++++ DATASET CONTENT

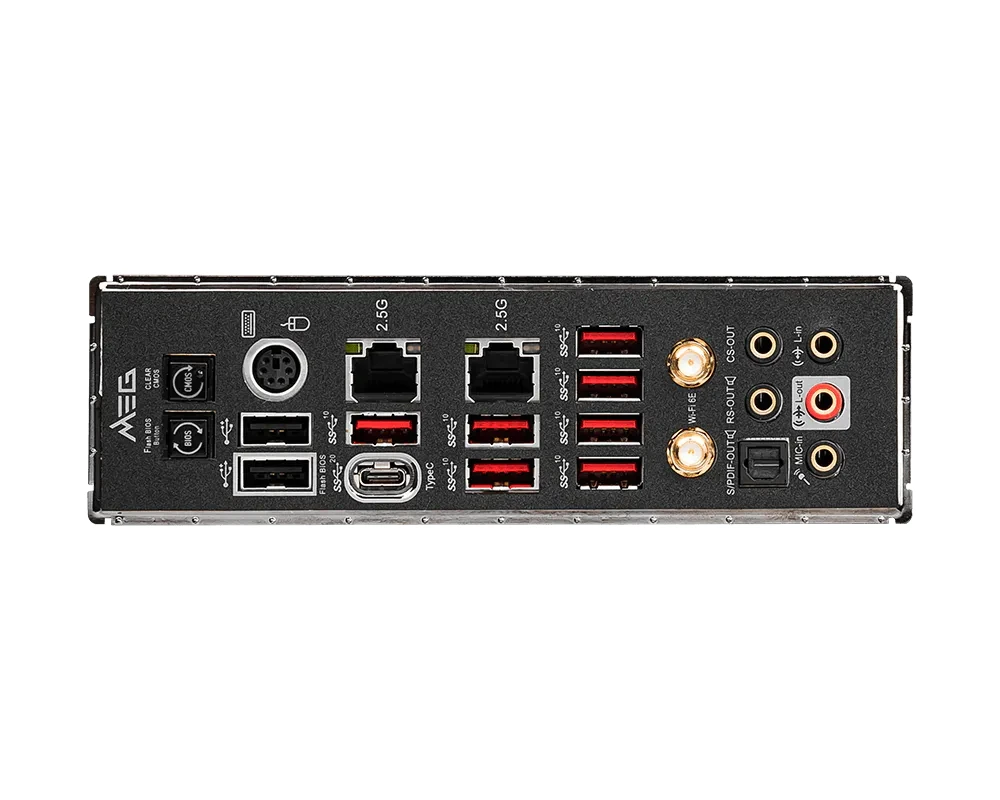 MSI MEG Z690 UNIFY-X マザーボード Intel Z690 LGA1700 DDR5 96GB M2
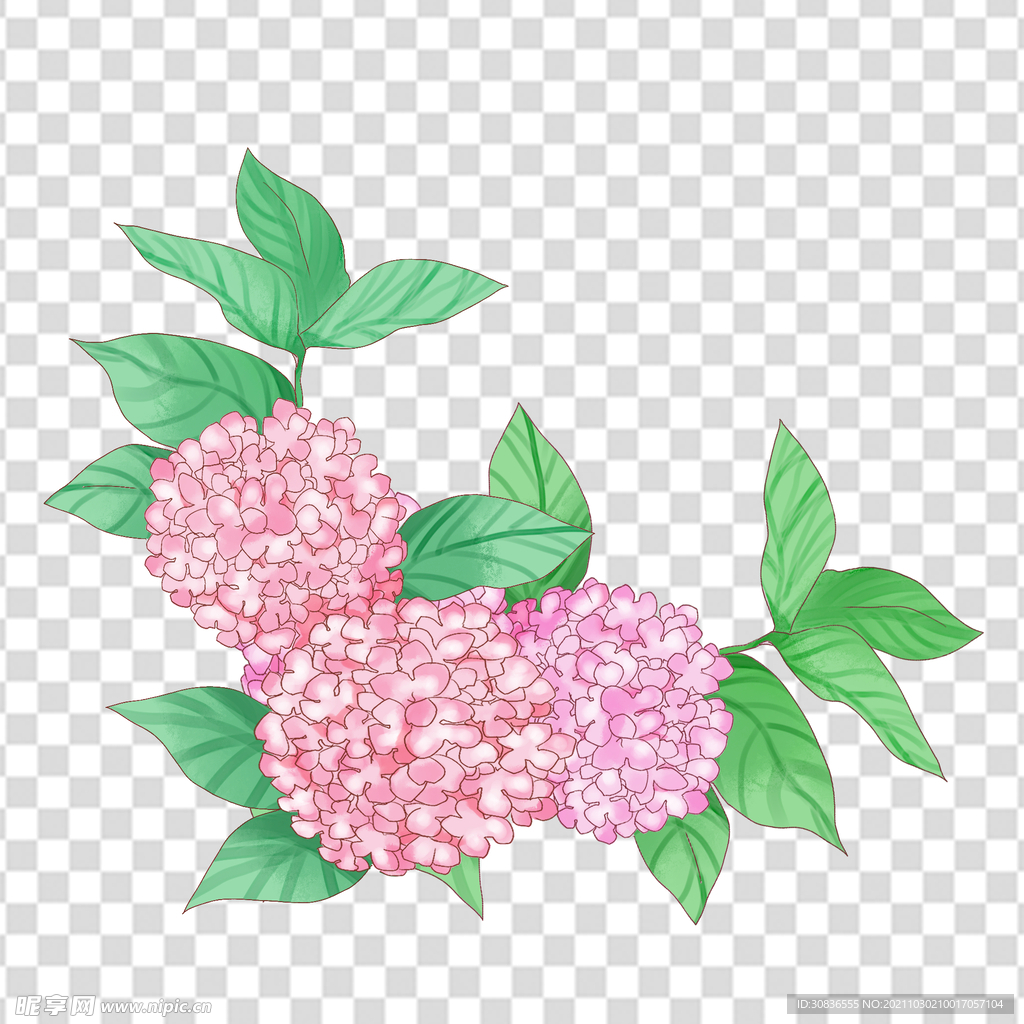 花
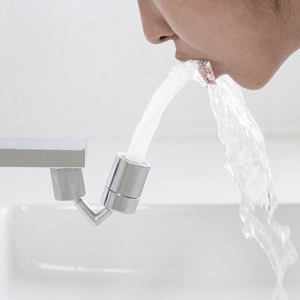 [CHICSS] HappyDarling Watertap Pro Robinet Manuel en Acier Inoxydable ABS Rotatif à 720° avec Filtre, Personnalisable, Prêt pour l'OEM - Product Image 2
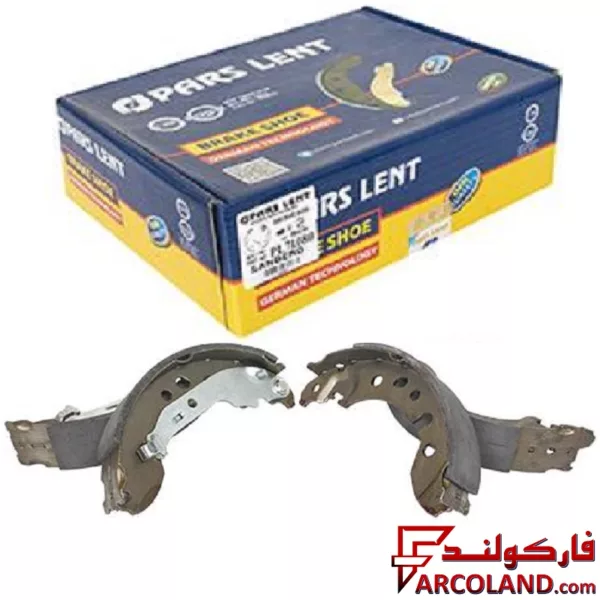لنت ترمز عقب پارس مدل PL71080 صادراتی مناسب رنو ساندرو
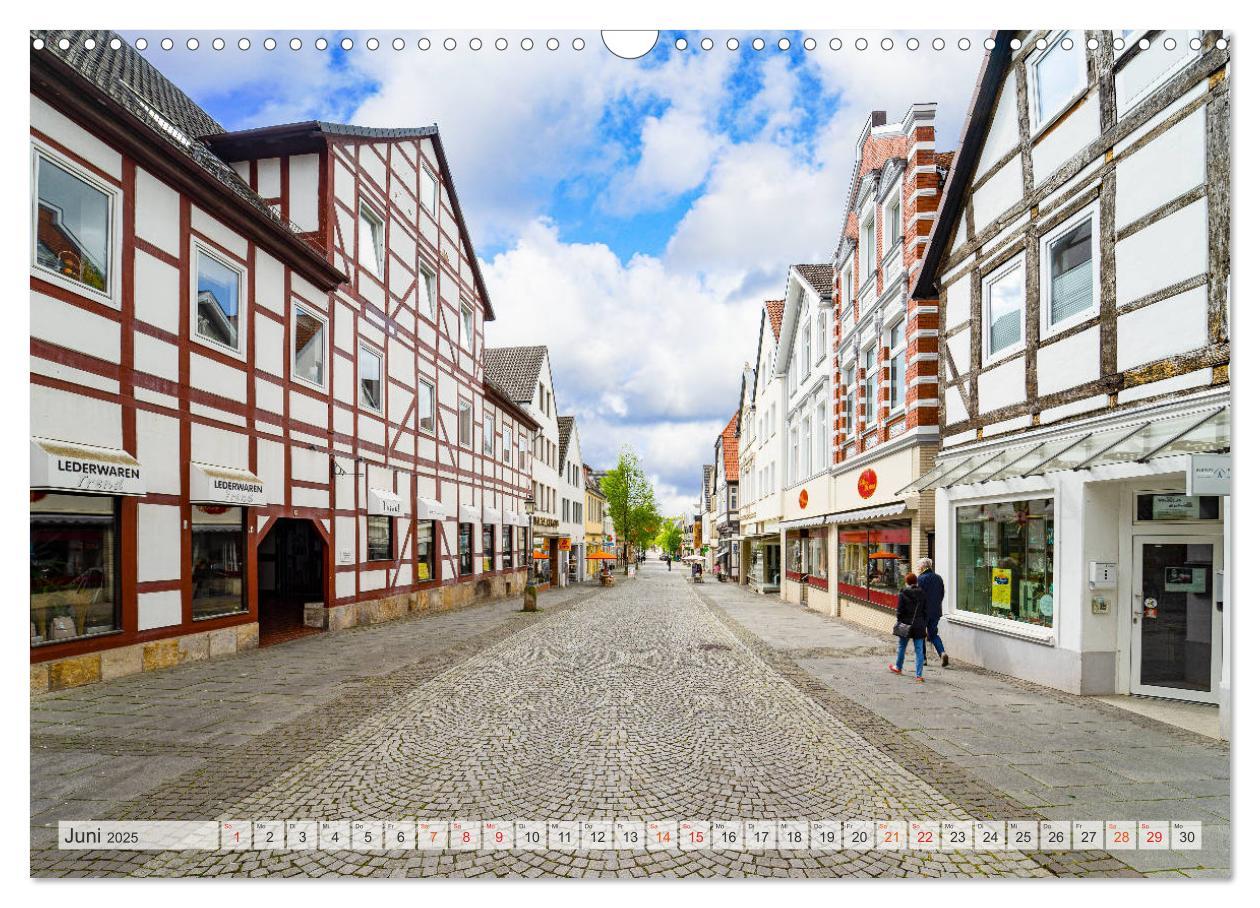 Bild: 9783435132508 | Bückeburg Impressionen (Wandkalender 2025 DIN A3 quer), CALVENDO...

++++++++
++++ DATASET CONTENT

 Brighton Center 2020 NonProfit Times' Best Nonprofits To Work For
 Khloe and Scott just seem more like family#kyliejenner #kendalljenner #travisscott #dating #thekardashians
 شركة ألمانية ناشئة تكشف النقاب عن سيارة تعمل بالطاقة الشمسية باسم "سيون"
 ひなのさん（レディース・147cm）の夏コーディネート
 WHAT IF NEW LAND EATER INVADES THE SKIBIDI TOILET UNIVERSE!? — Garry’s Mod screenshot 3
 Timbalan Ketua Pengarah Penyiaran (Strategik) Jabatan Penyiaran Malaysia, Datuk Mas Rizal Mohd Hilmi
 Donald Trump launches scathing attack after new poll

++++++++

▸ **DESCRIPTION OF THE TASK**
Make an exact copy of the lines above, beginning with the line with "MSI MEG Z690" and ending with the line with "Bild: 9783435132508 |", and keep the pictures out of it.

▸ **OUTPUT FOR THIS EXERCISE**
 MSI MEG Z690 UNIFY-X マザーボード Intel Z690 LGA1700 DDR5 96GB M2
 花
 [CHICSS] HappyDarling Watertap Pro Robinet Manuel en Acier Inoxydable ABS Rotatif à 720° avec Filtre, Personnalisable, Prêt pour l'OEM - Product Image 2
لنت ترمز عقب پارس مدل PL71080 صادراتی مناسب رنو ساندرو
 Bild: 9783435132508 | Bückeburg Impressionen (Wandkalender 2025 DIN A3 quer), CALVENDO...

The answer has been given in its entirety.